Pilot's Corner: Turbulence and Storm Dodging

DALLAS — The primary responsibility of a pilot is to ensure the safe and efficient transportation of their aircraft and passengers to their intended destination, adhering to the scheduled arrival time, and minimizing any incidents.

Passengers generally dislike turbulence, as it causes discomfort and can be a significant source of anxiety, particularly for nervous flyers. There are four main types of turbulence:

1. Clear-air turbulence: This type of turbulence occurs when large air masses of high or low pressure collide or when encountering high-level jet streams. Clear-air turbulence can be avoided by planning flight routes that steer clear of these areas.
2. Wake turbulence: Flying in the wake of a preceding aircraft that has disturbed the air generates wake turbulence. Consider the visible wake left by a large boat. To avoid wake turbulence, aircraft maintain lateral separation, fly at different altitudes, or offset their tracks.
3. Mechanical turbulence: Strong winds passing over mountains cause mechanical turbulence. This generates waves of turbulence that can reach up to five times the height of the mountains and extend for hundreds of miles, depending on wind strength. Planning flight routes around mountainous areas or regions prone to this type of turbulence can prevent encountering it.
4. Weather-related turbulence: Weather-related turbulence occurs in the presence of cumulonimbus clouds, commonly known as thunderclouds. These large, white, puffy clouds can grow in width and height, often surpassing the normal cruising altitude of airliners. To avoid weather-related turbulence, pilots choose to fly around these clouds or delay take-offs and landings if they directly impact the airport.

Cumulonimbus Clouds

Cumulonimbus clouds contain powerful vertical shafts of air and moisture. Rising air (updrafts) lifts huge amounts of moist air into the atmosphere, which condenses to form these clouds.
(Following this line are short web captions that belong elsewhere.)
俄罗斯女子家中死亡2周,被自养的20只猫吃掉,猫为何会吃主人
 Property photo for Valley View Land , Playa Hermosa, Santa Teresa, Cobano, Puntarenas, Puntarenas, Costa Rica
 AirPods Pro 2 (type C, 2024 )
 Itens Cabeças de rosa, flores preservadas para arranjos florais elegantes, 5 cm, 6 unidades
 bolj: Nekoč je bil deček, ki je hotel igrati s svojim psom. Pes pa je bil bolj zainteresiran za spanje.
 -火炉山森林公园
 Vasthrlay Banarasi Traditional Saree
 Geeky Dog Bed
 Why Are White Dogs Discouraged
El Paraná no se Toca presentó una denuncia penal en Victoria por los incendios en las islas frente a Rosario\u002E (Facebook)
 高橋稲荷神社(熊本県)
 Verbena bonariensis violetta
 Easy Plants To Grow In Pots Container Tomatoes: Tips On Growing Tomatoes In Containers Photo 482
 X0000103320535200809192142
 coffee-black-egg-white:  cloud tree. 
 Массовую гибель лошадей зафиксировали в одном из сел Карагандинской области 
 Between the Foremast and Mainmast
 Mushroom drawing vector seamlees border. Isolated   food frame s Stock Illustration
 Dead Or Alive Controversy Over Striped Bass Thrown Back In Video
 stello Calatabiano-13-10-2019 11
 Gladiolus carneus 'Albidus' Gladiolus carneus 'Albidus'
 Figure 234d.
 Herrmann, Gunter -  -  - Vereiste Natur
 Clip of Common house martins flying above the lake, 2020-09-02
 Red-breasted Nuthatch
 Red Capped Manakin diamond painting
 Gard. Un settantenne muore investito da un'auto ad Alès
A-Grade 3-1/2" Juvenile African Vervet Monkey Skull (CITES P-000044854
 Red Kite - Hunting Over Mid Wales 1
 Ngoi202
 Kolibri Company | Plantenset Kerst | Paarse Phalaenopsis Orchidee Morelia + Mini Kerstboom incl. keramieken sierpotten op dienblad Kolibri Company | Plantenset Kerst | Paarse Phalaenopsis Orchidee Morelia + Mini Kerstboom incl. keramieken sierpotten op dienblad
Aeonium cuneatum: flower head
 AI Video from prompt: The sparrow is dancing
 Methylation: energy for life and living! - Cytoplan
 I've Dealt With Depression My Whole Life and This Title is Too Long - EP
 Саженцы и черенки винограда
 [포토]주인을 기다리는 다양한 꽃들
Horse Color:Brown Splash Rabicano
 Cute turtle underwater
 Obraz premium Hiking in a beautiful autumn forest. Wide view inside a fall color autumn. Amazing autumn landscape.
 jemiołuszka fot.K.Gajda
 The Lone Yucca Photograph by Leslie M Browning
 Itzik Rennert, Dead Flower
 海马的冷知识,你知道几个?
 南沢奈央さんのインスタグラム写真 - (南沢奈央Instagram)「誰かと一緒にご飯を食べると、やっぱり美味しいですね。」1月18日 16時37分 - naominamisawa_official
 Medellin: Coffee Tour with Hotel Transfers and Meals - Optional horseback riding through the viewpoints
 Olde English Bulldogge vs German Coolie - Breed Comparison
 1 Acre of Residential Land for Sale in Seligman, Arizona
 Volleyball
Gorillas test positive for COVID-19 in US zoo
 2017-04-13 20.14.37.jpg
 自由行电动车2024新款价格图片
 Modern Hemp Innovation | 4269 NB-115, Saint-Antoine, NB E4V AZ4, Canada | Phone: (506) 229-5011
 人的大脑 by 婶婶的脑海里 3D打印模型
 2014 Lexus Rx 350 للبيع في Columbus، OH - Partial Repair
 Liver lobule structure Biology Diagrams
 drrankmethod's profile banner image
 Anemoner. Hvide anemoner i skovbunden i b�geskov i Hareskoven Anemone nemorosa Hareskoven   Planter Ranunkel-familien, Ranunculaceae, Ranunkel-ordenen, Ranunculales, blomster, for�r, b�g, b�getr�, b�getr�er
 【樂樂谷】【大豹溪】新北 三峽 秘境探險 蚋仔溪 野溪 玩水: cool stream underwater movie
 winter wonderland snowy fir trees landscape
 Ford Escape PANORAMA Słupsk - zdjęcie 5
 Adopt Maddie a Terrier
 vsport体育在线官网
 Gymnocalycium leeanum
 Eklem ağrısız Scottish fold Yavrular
When the interior of the cloud becomes completely saturated, it forms rain and hail, which fall within the cloud, causing large downward shafts of air (downdrafts). The combination of multiple updrafts and downdrafts within the cloud is what will cause light, moderate, or severe turbulence.

During the day, we can see these clouds from hundreds of miles away and plan an alternative route around them, but what about at night?

Radar Signals

Updrafts and downdrafts within a cloud are not visible, but we know that downdrafts contain water in the form of rain or ice. To detect these atmospheric conditions, aircraft radar systems emit powerful radio beams ahead of the aircraft. If these beams encounter an obstacle, such as water particles, they are reflected to the radar. The strength of the reflected signal indicates the concentration of water.

By measuring the time it takes for the signal to return, the radar can calculate the distance to these various reflections. The concentration of water particles is then displayed on the navigation display (ND) as green (light), amber (moderate), or red (severe). If the distances between these indications are close, it may indicate the presence of extreme turbulence, which is depicted in magenta.

The radar systems on Airbus A350 aircraft are highly advanced, continuously scanning the sky ahead, above, and below the aircraft. The radar returns are displayed both in a horizontal view and a vertical view, providing information about clouds located above or below the aircraft's cruising level.

If the flight route takes the aircraft above storm clouds, this is indicated on the display with a "hatched" pattern, serving as a reminder that the aircraft will be passing over a convective cloud and may experience mild turbulence. By navigating around areas indicated as green, amber, and especially red on the display, passengers can enjoy a smooth and relaxed journey without any spillage of their drinks.